I'm a relative newbie with a question about a phrag (Eric Young). It seems relatively healthy and has been growing under some good LEDs. A flower was about to open about 3 weeks ago, so I moved it up to my kitchen where it continues to look good. It's a west window, decent light. The bud opened very soon after that and, though it may be a bit pale, it looked good. I woke up this morning to find that the flower had fallen off. It still looks healthy. It's very unlikely that it was knocked off by anyone walking by. I'm wondering why this happened. Any hypotheses? Thanks.

Rich


----------



## CarlG (May 5, 2020)

Yeah, phrags will drop flowers that look perfectly fine. The flower will then sit there in great shape for several more days, disconnected from it's plant. Seems like they're especially prone to doing this just before a show opens, something like that.

I used to joke with phrag exhibitors that an important part of the show kit with these is a bottle of super glue.


----------



## MaxC (May 5, 2020)

Was it only briefly open and the flower fell off? That is less common. As CarlG mentioned the flowers fall off looking perfect, unlike a paphiopedilum. Which can be jarring the first time it happens. Western exposure can be a little intense if it gets a full blast of midday sun. Also, if you keep it at a cooler temperature the color of your blooms will be darker and more intense.


----------



## Linus_Cello (May 5, 2020)

Supposedly a trick is that growers will pollinate a phrag flower before a show, and the flower will stay on the plant foe a little while longer.


----------



## richard.feldman48 (May 5, 2020)

Thanks for the replies. I like the glue idea, which my wife suggested as well. The flower lasted a little over 2 weeks before falling off. The plant gets lots of light but direct sun only in the latter part of the afternoon.


----------



## littlefrog (May 5, 2020)

I was judging a show a couple years ago and watched several flowers fall off as we were walking. Perfect condition. They do that. Weirdest thing though, usually I don't see them drop. They were always doing it at the edge of my peripheral vision. Maybe it is my mutant super-power finally expressing itself.

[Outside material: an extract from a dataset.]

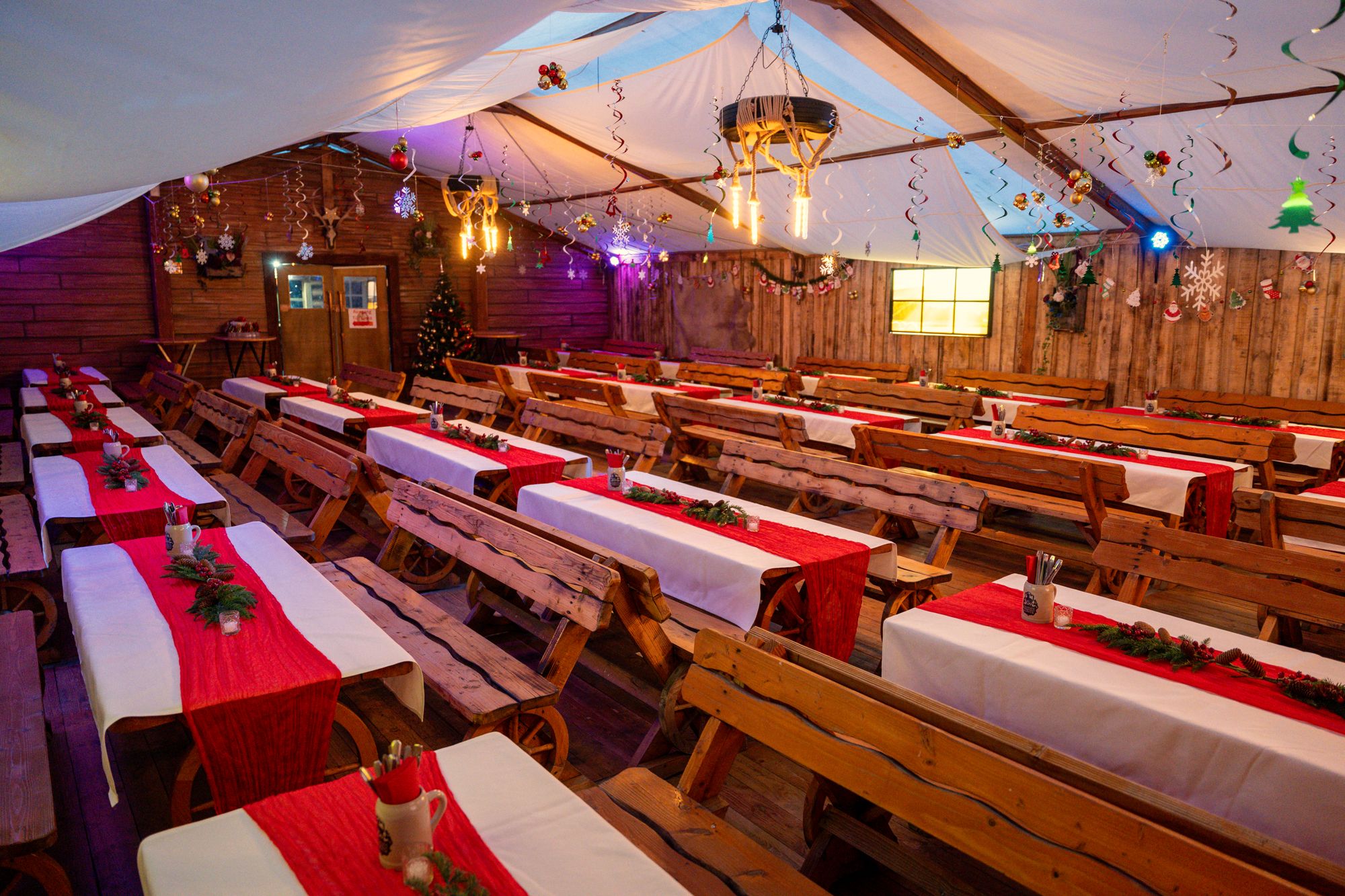 Weihnachtlich eingedecktes Festzelt mit weißen Tischdecken, roten Läufern und Leuchtern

I got an award to one in January that literally dropped as it was being judged. They awarded it anyway, might have gotten a few extra sympathy points.


----------



## shariea (May 6, 2020)

On my Phrag Fliquet the flowers usually overlap by a couple of days, but I never had 2 at the same time for more than a couple of days! Those rat ******** looked perfect when they dropped.


----------



## NYEric (May 13, 2020)

Many Phrags are not multi-floral, they are sequential. It comes from the species they're made of, for example dalessandroi vs besseae. If you want a multifloral Phrag. you have to pick carefully.


----------